┏━━

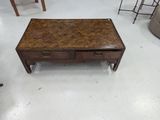an image of a coffee table with drawers in a room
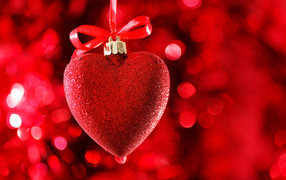 Red big shiny heart with ribbon on red background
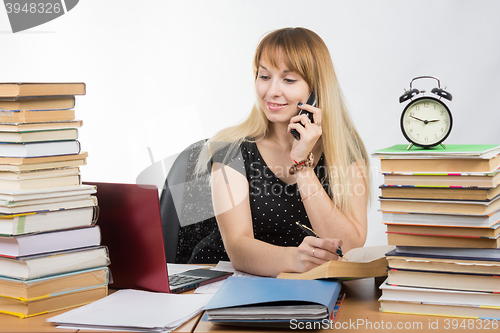 Image of A student preparing for exams and talking on the phone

┗━━

* _Work required_: What you write must match, line for line, the lines from the one with "Red big shiny" through the last line of the data above, minus the pictures.

* _Result_:
 Red big shiny heart with ribbon on red background
 Image of A student preparing for exams and talking on the phone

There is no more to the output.